×

News

International Youth Summit for Nuclear Abolition opens in Hiroshima

by Masanori Wada, Staff Writer

The International Youth Summit for Nuclear Abolition opened in Naka Ward, Hiroshima on August 28. Taking part in the summit are 30 young men and women in their 20s and 30s from 23 nations, including Japan and the United States. Over the course of three days, they will learn about the effects of the atomic bombing and consider the actions they can take to advance the abolition of nuclear weapons.

On the first day of the gathering, the participants toured the Peace Memorial Museum in the Peace Memorial Park, located in Naka Ward, and laid flowers at the Cenotaph for the A-bomb Victims. Afterward, they met with Toshiko Tanaka, 76, an A-bomb survivor and a resident of Higashi Ward, and listened to her account of what happened when the atomic bomb was dropped on Hiroshima on August 6, 1945. The young people asked her various questions such as whether the survivors are still suffering from the trauma of the A-bomb attack.
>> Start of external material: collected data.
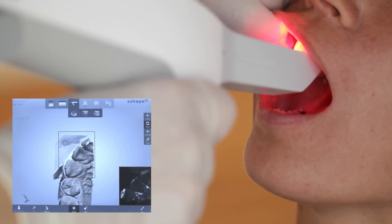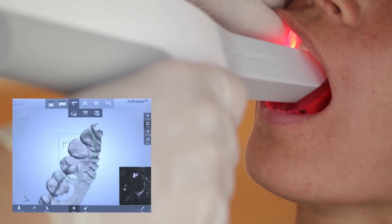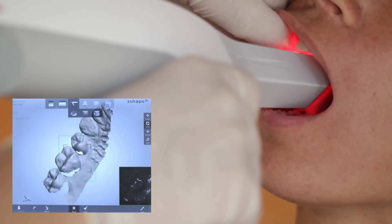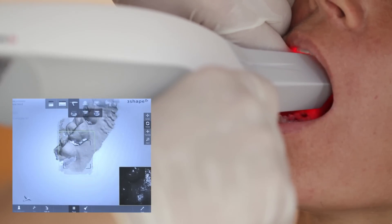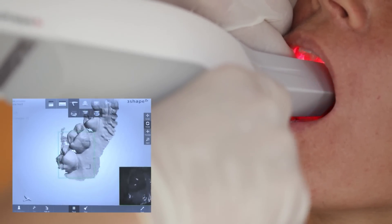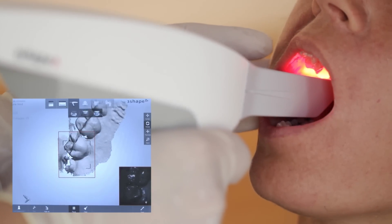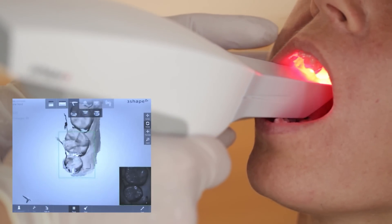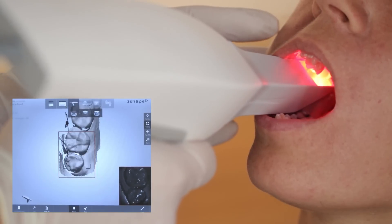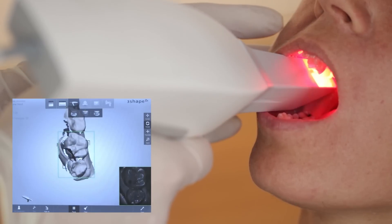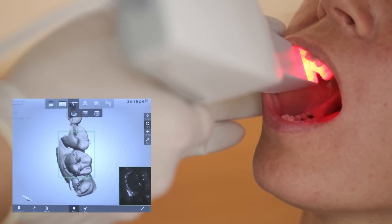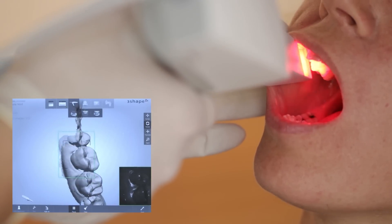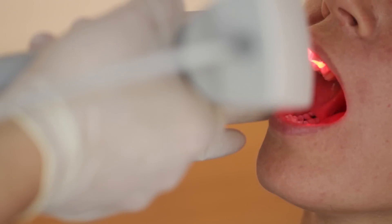Scanning must always be completed using three passes: occlusal, lingual, and buccal.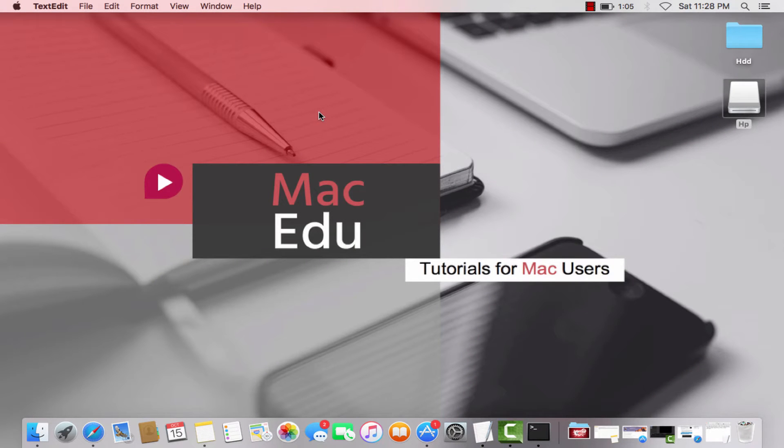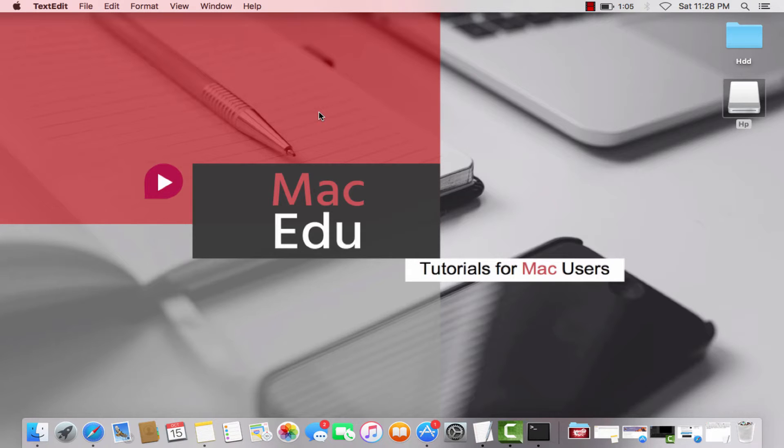Hi guys, this is MacEdu back with a brand new video. Today we're going to talk about how to create a bootable USB install disk for macOS 10.12.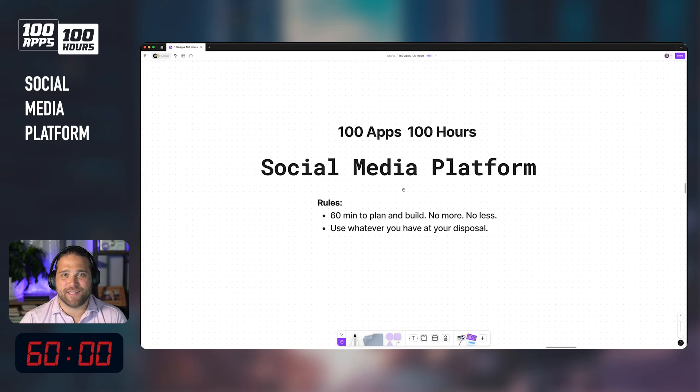Welcome back to yet another episode of 100 Apps, 100 Hours. I'm your host, Brian Gillespie, developer advocate here at Directus. And I've got a doozy today — one I've honestly not been looking forward to. If you're new to the show, we basically rebuild or try to build some of your favorite app ideas in 60 minutes or less, or publicly fail trying. I fail a lot, but that's okay — we learn something each time. There are only two rules: you have 60 minutes to plan and build, and rule number two is use whatever you have at your disposal. So let's fire into this episode: the social media platform.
The summit, organized by a steering committee composed of Soka Gakkai International and other organizations, will produce a Youth Pledge on August 29. At 10 a.m. on August 30, a public forum will be held at the RIHGA Royal Hotel in Naka Ward, where a keynote speech will be delivered by the U.N. Secretary-General’s Envoy on Youth and a documentary film that has digitally recreated the city’s appearance before the atomic bombing will be screened.